Montag, 6. März 2017

Paul Robeson - On My Journey - Paul Robeson´s Independent Recordings (2007)

A 20th century renaissance man, Paul Robeson was an actor, singer, writer, scholar, activist, and intellectual with a degree from the Columbia University law school. He also suffered no fools, and his outspoken views on racism and McCarthyism eventually led to his blacklisting in the 1950s, a situation Robeson met with characteristic dignity and resilience.

When no label would record him, he started his own imprint, Othello Records, and recorded some 100 tracks and released three LPs ("Robeson Sings", "Solid Rock", and "Let Freedom Ring") between 1954 and 1958, generally to spare piano accompaniment by either Lawrence Brown or Alan Booth. Eventually Monitor Records picked up some of these tracks for a pair of LPs in 1958, "Favorite Songs" and "Encore Robeson", which became the first dents in Robeson's situation on the blacklist, which was smashed entirely when Vanguard Records picked him up a year later.

Throughout this period, Robeson found himself being harassed by the U.S. government in myriad ways, but he responded with diligence, determination, and the kind of personal grace that Senator McCarthy could only dream about.

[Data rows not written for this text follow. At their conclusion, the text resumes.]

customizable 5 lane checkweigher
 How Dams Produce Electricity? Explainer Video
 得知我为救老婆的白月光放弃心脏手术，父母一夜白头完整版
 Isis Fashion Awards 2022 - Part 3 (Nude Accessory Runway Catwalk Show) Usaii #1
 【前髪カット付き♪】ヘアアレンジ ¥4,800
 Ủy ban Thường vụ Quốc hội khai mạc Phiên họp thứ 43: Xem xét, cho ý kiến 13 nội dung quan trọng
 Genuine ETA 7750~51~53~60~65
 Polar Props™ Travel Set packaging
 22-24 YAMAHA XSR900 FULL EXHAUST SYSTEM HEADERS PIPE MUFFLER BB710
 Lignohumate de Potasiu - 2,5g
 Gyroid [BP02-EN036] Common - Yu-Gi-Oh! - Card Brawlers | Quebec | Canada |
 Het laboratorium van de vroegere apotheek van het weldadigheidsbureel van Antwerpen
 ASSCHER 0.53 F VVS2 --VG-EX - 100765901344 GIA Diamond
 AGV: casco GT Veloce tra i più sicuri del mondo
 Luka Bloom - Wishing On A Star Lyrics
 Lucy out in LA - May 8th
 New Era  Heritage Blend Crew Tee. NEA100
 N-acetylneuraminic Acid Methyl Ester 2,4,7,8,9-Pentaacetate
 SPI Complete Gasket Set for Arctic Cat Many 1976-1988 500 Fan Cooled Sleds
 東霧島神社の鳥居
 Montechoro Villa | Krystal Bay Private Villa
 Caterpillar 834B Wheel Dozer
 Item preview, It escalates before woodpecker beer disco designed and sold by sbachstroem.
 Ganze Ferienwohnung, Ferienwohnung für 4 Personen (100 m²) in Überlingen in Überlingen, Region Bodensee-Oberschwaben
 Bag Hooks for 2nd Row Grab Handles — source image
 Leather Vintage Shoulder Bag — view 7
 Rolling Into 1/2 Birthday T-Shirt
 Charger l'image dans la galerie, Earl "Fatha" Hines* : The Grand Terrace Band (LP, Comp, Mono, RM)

Now these independent recordings, most of them produced by Robeson's son Paul Robeson, Jr. and many recorded in friends' apartments, are fittingly a part of the Smithsonian/Folkways catalog, and a generous sampling of them is included here. Robeson's deep voice and theatrical singing style sound quaint at first, but as he tackles these traditional spirituals and folk songs, most of which concern themselves with faith, hope, and freedom, the full range of this man's vision becomes clear: one love, one world, as Bob Marley would put it over a decade later. Among the highlights here are versions of Dvorák's "Songs My Mother Taught Me," the powerful and majestic "Takin' Names," a probably definitive "Joe Hill," and a resonant take on "No More Auction Block for Me," a song that became the melodic template for "We Shall Overcome," and speeded up, for Bob Dylan's "Blowin' in the Wind," plus a wonderful version of "Hammer Song" done with the harmonica-and-guitar team of Sonny Terry & Brownie McGhee. Robeson's performing style and approach clearly belong to the early 20th century, but his convictions, vision, and unerring and diligent activism place him intellectually at the close of it. Robeson blazed the path that Harry Belafonte, Joan Baez, and many others would follow in the 1960s, and truthfully, provides a road map for 21st century agitators like Rage Against the Machine. A true American treasure and icon, Paul Robeson's work belongs at Smithsonian/Folkways, which will always keep it available and in print.